The second problem with HyperCard is that it wasn't intended to be a general purpose, full functionality programming environment. It's very good for simple prototypes or small applications that fit the stack-of-cards metaphor, but if you try to push beyond its limits you'll soon find yourself with a large, unwieldy program in an environment that has little support for modularity and versioning. In the worst case, you'll also be juggling functionality between XCMDs and HyperTalk. Together these problems are an invitation to some pretty flakey code.

HyperCard and similar programs are simple design tools, something like an artist's sketchpad, that you should have available and use when appropriate. For extended testing and final program delivery on the Mac, you will usually want a more powerful UIMS, either a visual environment or a programming language with object-oriented extensions supporting the target system's full toolbox of interface objects.

Example: Experiences with HyperCard

We've been using HyperCard for several years for prototyping and small applications. A typical project was an early, computer-based version of the cognitive walkthrough, which prompted users with detailed questions about an interface. The evaluator would click a Yes or a No button, or type in some text. The clever part of the application was that it could sometimes tell from the answer of one question that other questions could be skipped.

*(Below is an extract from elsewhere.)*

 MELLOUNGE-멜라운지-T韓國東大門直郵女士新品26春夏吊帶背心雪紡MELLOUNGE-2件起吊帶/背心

One of Clayton's graduate students roughed out the design in HyperCard, and we did a round of user testing with that prototype. The tests showed promise, and we decided to turn the prototype into a slicker application that we could give out for more feedback. John started to incorporate the changes suggested by user testing into the prototype, but he almost immediately decided to scrap the prototype entirely and rewrite everything, still working in HyperCard. The problems with the prototype weren't the fault of the original programmer. It's just that fast prototyping -- brainstorming on-line -- can lead to very sloppy code. That's a lesson that applies to other prototyping systems as well, although having the code distributed among various buttons, fields, and cards exacerbates the situation in HyperCard.

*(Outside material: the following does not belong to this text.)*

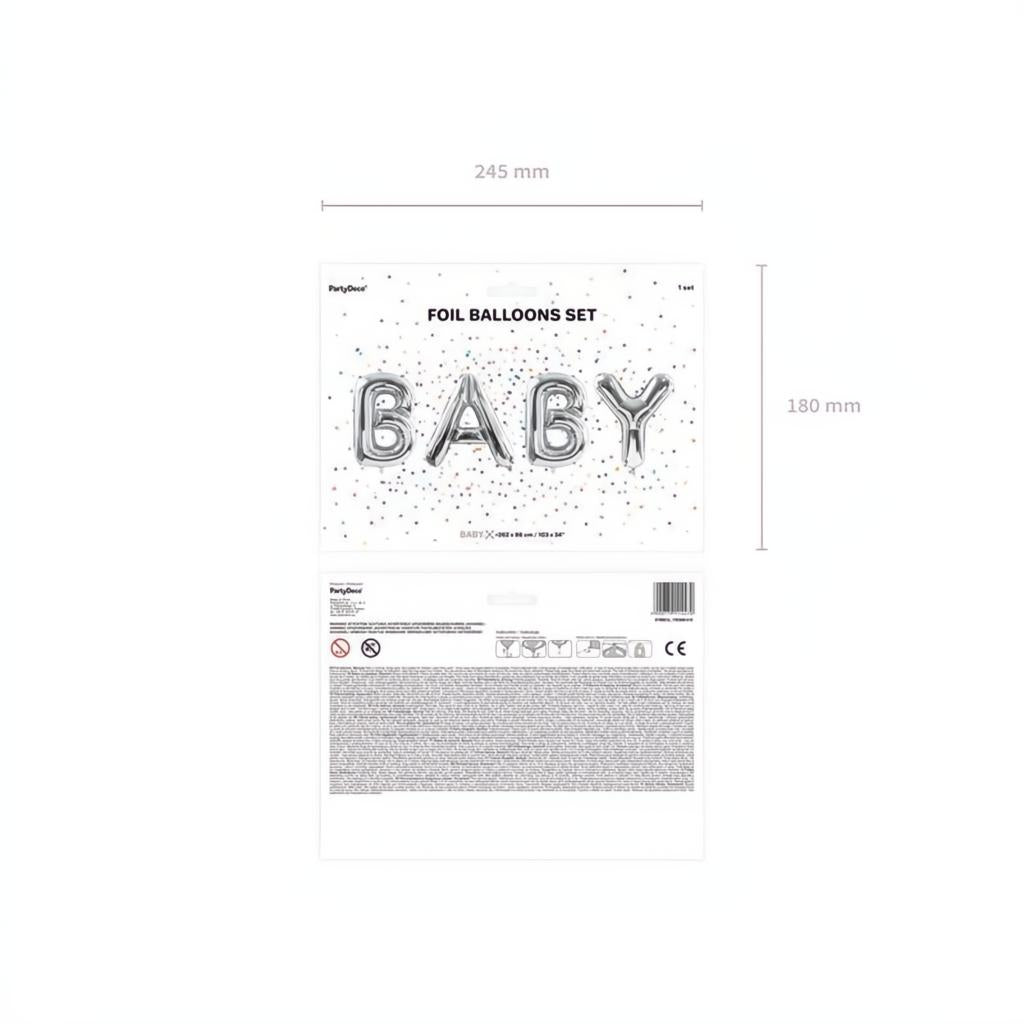 Folienballon Baby, 262x86cm, silber PartyDeco 2 fiestastore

The basic rewrite in HyperCard only took about a week, plus a few more days for testing. That illustrates another fact about prototyping systems: if you've built a prototype once, duplicating it (neatly) in the same system can be trivial. However, duplicating the prototype in a different system can be very NON-trivial, because the new system typically doesn't support the same interaction techniques as the prototype.

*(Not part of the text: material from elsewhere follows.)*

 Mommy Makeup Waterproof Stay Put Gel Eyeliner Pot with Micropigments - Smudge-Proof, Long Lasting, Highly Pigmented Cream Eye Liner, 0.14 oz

Part of the redevelopment time was spent writing XCMDs in C to get around HyperCard's shortcomings. One of the routines changed upper to lower case, something HyperTalk could do but not fast enough. Another found commas in text that the user had typed in and changed them to vertical bars ("|"), because we were using some built-in HyperCard routines that mistook the user's commas for field delimiters. The bars had to be changed back into commas whenever the text was redisplayed for the user.

We gave out several copies of the walkthrough stack for comments. A couple of users reported that they couldn't get the stack to run. It turned out that they were running an earlier version of HyperCard. That illustrates another potential problem: HyperCard and some other UIM systems don't deliver stand-alone applications. The behavior of the code you deliver may depend on the version of the user's software. It may also depend on the options that the user has set for that software.

We stopped work on the walkthrough stack after we simplified the walkthrough process, but HyperCard might have been an adequate vehicle for final program delivery if the project had continued. The forms-oriented view that HyperCard supports was well suited to the simple walkthrough program. However, another project we started in HyperCard, the ChemTrains graphical programming language, outgrew the environment's capabilities after just a few weeks of work. Even though later versions of HyperCard have fixed some of the problems we had, our overall experience with the system recalls similar experiences with interpreted BASIC on other personal computers: projects get started very fast, but they soon bog down because of program size, poor support for modularity, and performance limitations.